I'm new to Java and have to compile lexer from the arithmetic exression for further calculation. I found useful code to check, but there is one problem while analizing string. When i have something like: 5-9.3 it determines as:
NUMBER 5
NUMBER -9.3
instead of
NUMBER 5
ADDSUBSTR -
NUMBER 9.3
Don't know how to fix it. Would appreciate your help. Want to solve it because it would be harder to cope with it while calculating.

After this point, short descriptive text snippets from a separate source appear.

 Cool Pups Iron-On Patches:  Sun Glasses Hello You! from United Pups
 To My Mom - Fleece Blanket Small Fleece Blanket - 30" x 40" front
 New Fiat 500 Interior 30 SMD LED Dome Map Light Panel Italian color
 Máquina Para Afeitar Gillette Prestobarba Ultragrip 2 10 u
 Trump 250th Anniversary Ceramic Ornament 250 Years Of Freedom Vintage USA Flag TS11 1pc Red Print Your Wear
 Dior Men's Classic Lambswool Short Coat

And sorry for my awful typesetting.
public class Lexer {
public static enum TokenType {
NUMBER("[-+]?[0-9]*\\.?[0-9]+([eE][-+]?[0-9]+)?"), ADDSUBSTR("[+|-]"), DIVMULT ("[/|*]"), WHITESPACE("[ \t\f\r\n]+");
public final String pattern;
private TokenType(String pattern) {
this.pattern = pattern;
}
}
public static class Token {
public TokenType token;
public String data;
public Token (TokenType token, String data) {
this.token = token;
this.data = data;
}
@Override
public String toString() {
return String.format("%s %s", token.name(), data);
}
}
public static ArrayList<Token> lexer(String s) {
ArrayList<Token> tokens = new ArrayList<>();
StringBuffer tokenBuffer = new StringBuffer();
for (TokenType tokenType : TokenType.values())

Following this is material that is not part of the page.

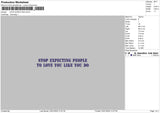 Expecting Text Embroidery File 6 sizes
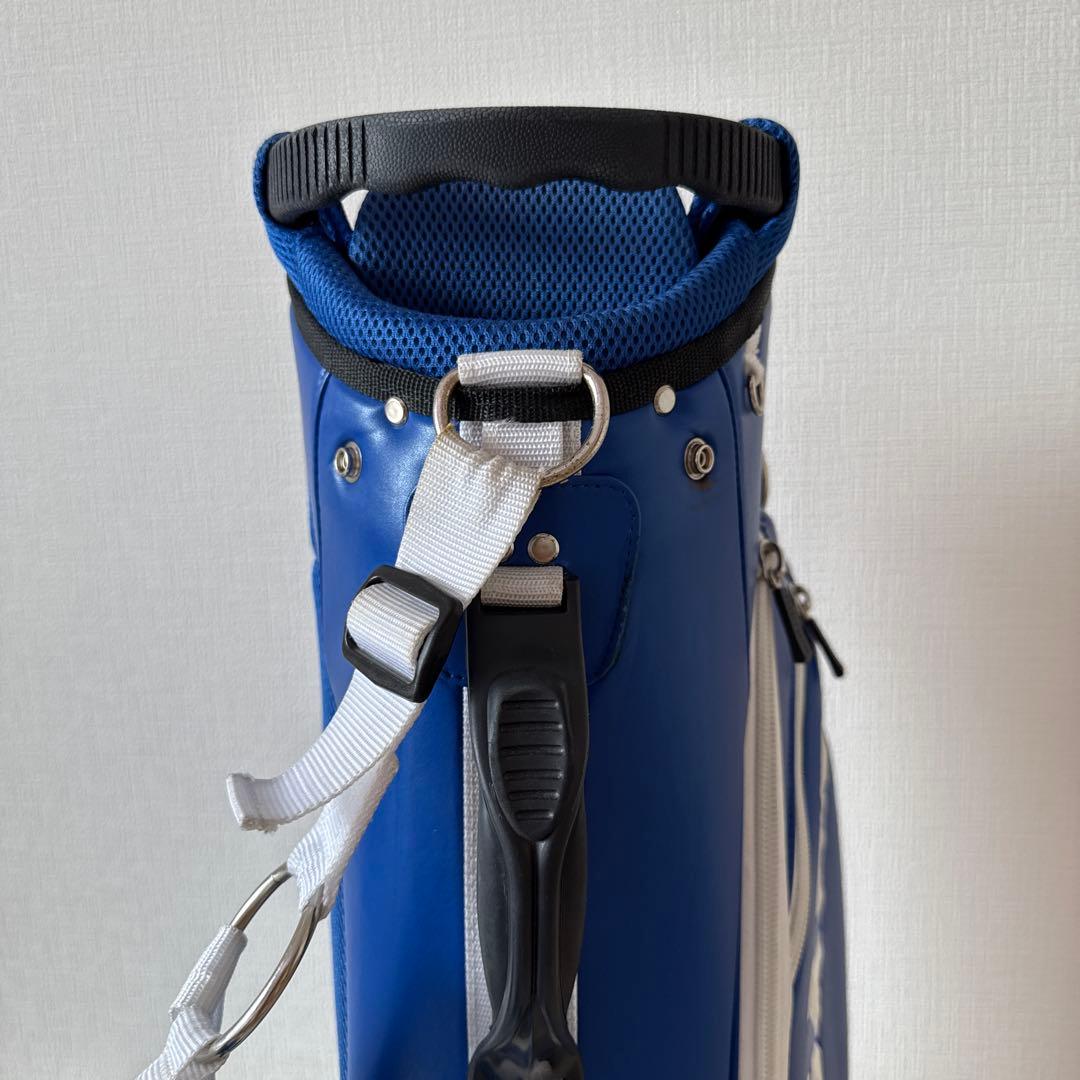 パーリーゲイツ　キャディ バッグ　ショルダー式　スタンド式　軽量　ブルー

tokenBuffer.append(String.format("|(?<%s>%s)", tokenType.name(), tokenType.pattern));
Pattern tokenPatterns = Pattern.compile(new String(tokenBuffer.substring(1)));
Matcher matcher = tokenPatterns.matcher(s);
while (matcher.find()) {
if (matcher.group(TokenType.NUMBER.name()) != null) {
tokens.add(new Token(TokenType.NUMBER, matcher.group(TokenType.NUMBER.name())));
}
else if (matcher.group(TokenType.ADDSUBSTR.name()) != null) {
tokens.add(new Token(TokenType.ADDSUBSTR, matcher.group(TokenType.ADDSUBSTR.name())));
}
else if (matcher.group(TokenType.DIVMULT.name()) != null) {
tokens.add(new Token(TokenType.DIVMULT, matcher.group(TokenType.DIVMULT.name())));
}
else if (matcher.group(TokenType.WHITESPACE.name()) != null);
}
return tokens;
}
public static void main(String[] args) {
try (Scanner in = new Scanner(System.in)) {
String input = in.nextLine();
ArrayList<Token> tokens = lexer(input);
for (Token token : tokens)
System.out.println(token);
}
}
}